Work to be completed: All that is wanted is the exact lines from the one with "elena.zbt instagram image archive image" through the last line of the entries, with both ends kept and every picture left out.

==== Given records

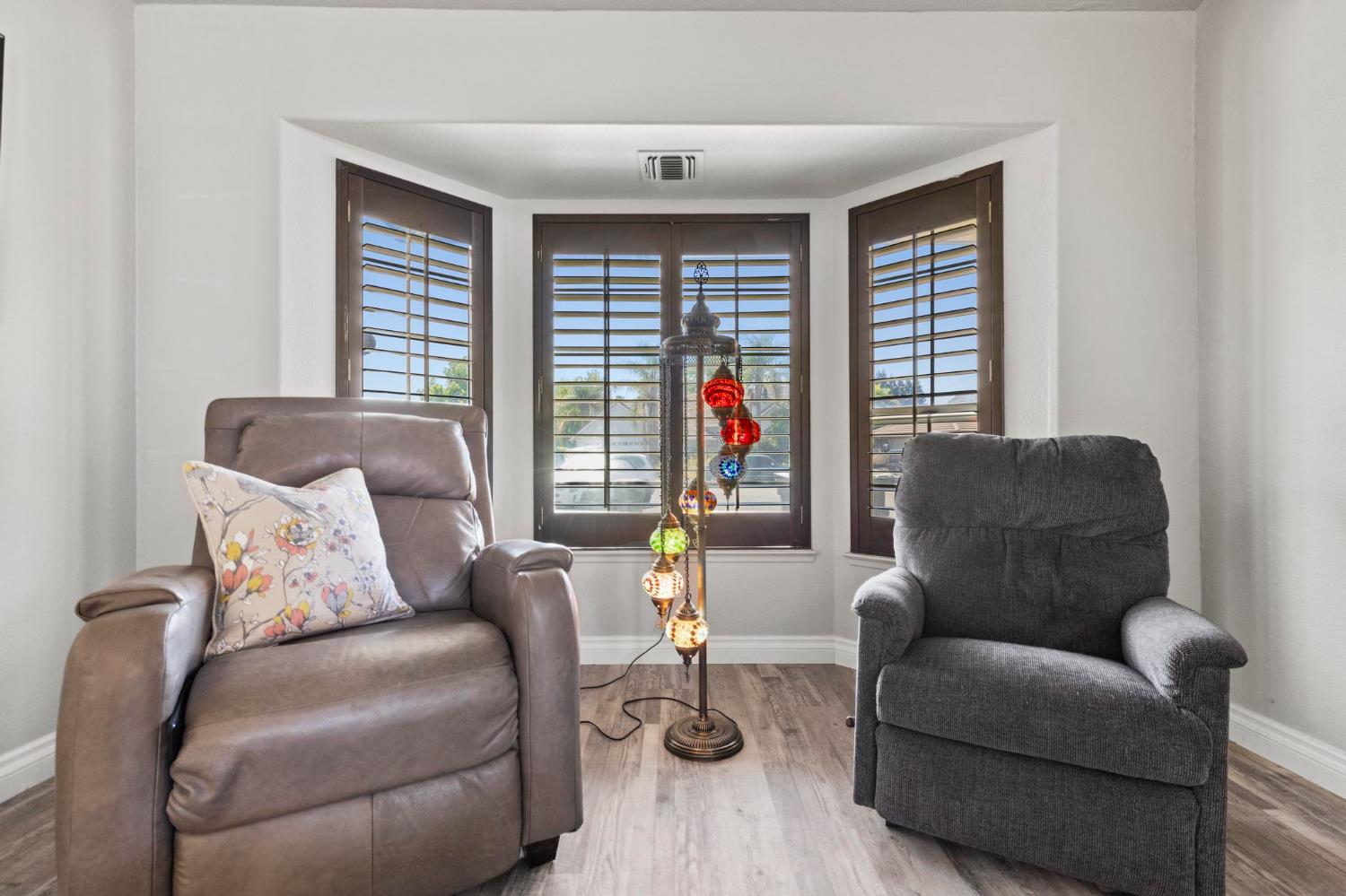 Allen Court, Yuba City, California image 10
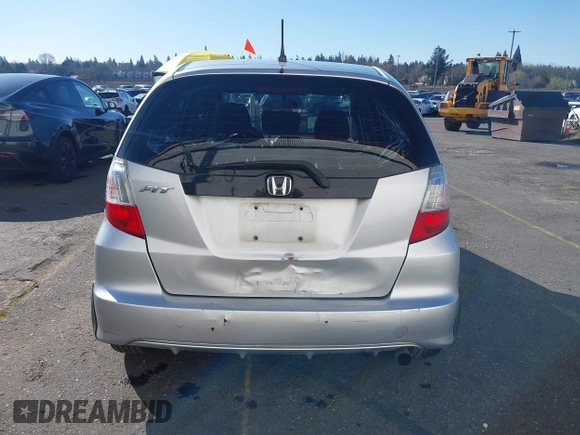 2012 Honda Fit с VIN JHMGE8H32CC030518, выставлен на аукционе IAAI как лот 41740707 с пробегом 132 665 миль миль и . История ставок и продаж доступна на DreamBid. Изображение 16.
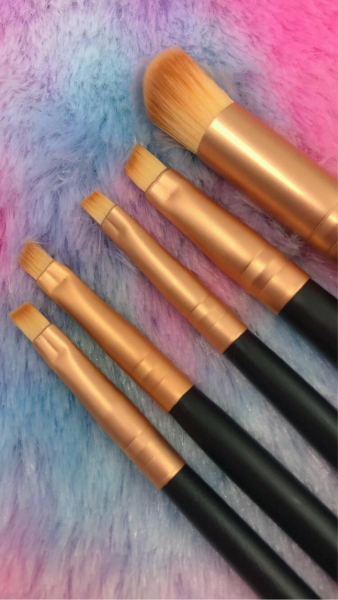 فراشي ميكاب MAKEUP BRUSH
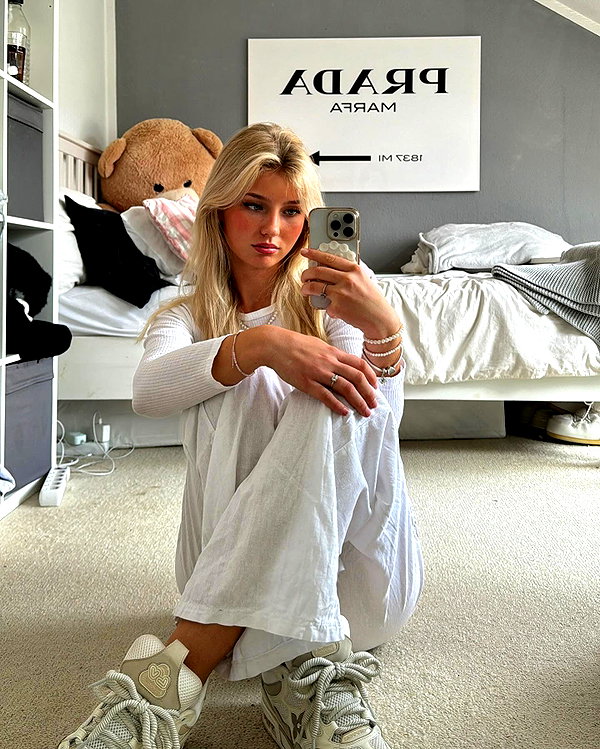 elena.zbt instagram image archive image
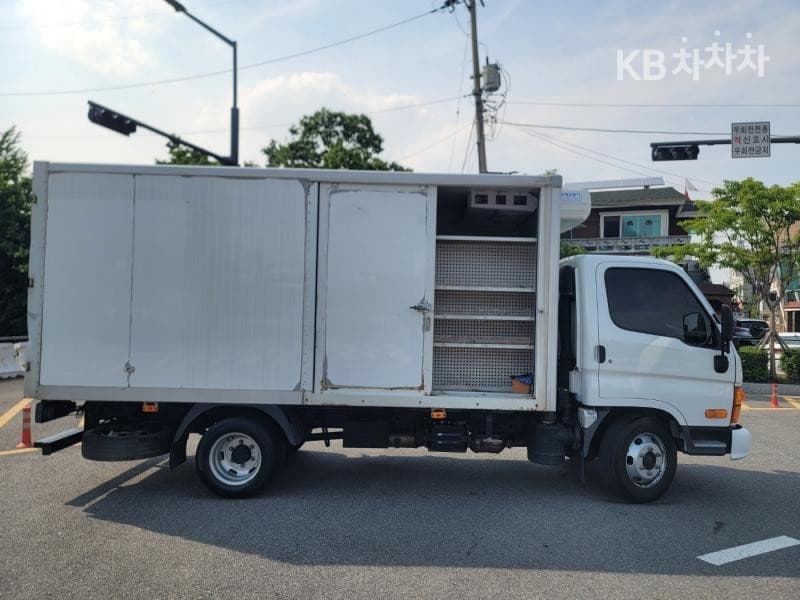 Hyundai Mighty 큐티냉장Top (Cargo)차 일반캡 - - 6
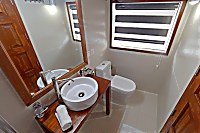 Blick in das modern gestaltete Badezimmer einer Oberdeck Kabine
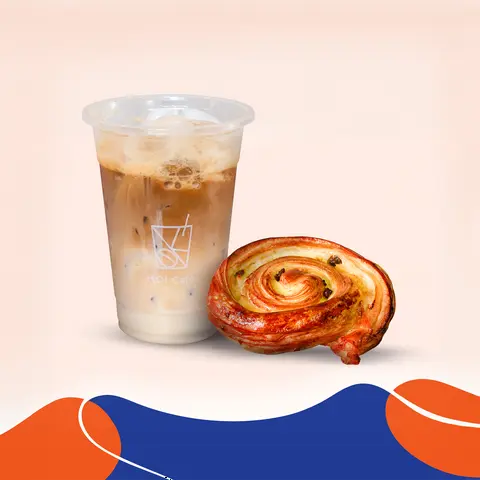 Hình ảnh Combo 3: Raisin Roll + Café đặc trưng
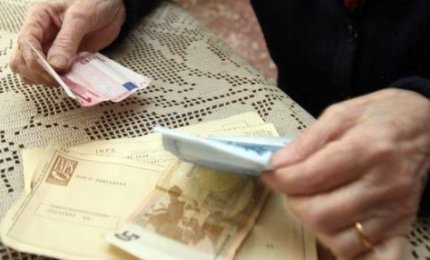 Si spaccia per impiegato dell'Inps e truffa due anziani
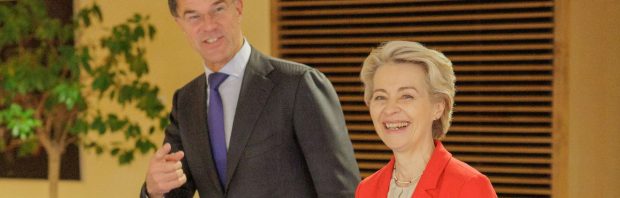 ‘Daar sta je dan alleen en voor aap met je ‘onze oorlog’ als Schoof, Rutte en Brekelmans’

========

Expected answer:
 elena.zbt instagram image archive image
 Hyundai Mighty 큐티냉장Top (Cargo)차 일반캡 - - 6
 Blick in das modern gestaltete Badezimmer einer Oberdeck Kabine
 Hình ảnh Combo 3: Raisin Roll + Café đặc trưng
 Si spaccia per impiegato dell'Inps e truffa due anziani
 ‘Daar sta je dan alleen en voor aap met je ‘onze oorlog’ als Schoof, Rutte en Brekelmans’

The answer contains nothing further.